It wasn't that anything about it was poor - it was just nakey dancing. Although with added sequins. Being not the sort of person that particularly enjoys watching female strippers I was mildly uncomfortable...but ploughed on in the name of research. Ah, the blessedv excuse used by many a married man over time.
The second half was where it all picked up! One of the dancers sang us a song and boy could she dance...hells yeah! Was freaking amazing. And really nice not to end the number with a man walking roudn the stage gathering feathers and stockings. The problem is, once you've seen one girl put a long glove off with her teeth...you sort of know how it works. If she were to take the glove off, pull a rabbit out of it, catapult the rabbit off into space using her G string and then wink at me with bright red lipstick, I'd be more impressed.

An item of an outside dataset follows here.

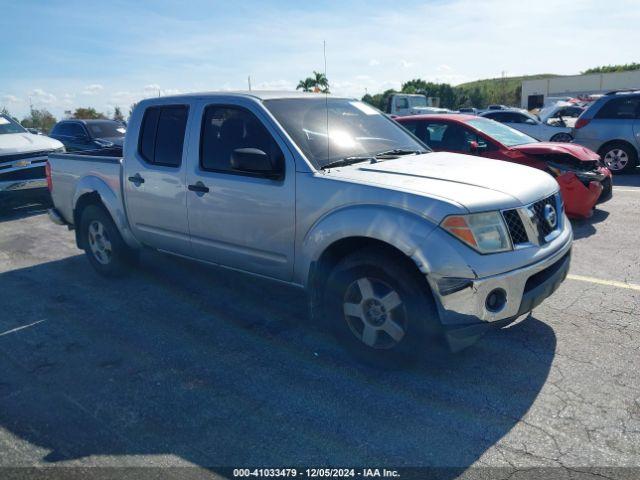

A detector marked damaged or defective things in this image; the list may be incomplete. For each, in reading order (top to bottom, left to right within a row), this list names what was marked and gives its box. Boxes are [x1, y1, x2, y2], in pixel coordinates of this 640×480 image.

The definite highlight was Miss Laurie Hagen who was a guest star of the show. A delightful mix of mime, Chaplin-esque dancing and the sort of strip tease that was cheeky without vulgarity. Definitely something I'd watch again. Like Liza Minelli's less crazy, more spunky love child.
The bit that really got me was the finale. A great number, lots of fun songs and lots of good costumes. But, at the end...we have our heroines all lined up front of stage with tassles galore and lovely pants on. And then they start what I can only describe as a 'boob shimmy' and all these boobs are suddenly revolving like a Rolex on speed. All perfectly in time, all spinning in lovely concentric circles.
This is definitely not something I'll ever be able to do. Is this something I should be able to do? I can't help but think if I even attempted to do that one of my boobs would be heading for Tescos and the other would be raising it's (metaphorical) eyebrow at me as if to say 'what the hell are we trying to do now?'...
"Well, Lefty," I would reply, "We're supposed to be able to do this apparently...it's what we do with you now...it's a spin class for mammaries!"
And Lefty would sigh, resign himself to my latest hare brained scheme and begin fervently hoping that one day I reproduce so he'll have a half decent purpose in life.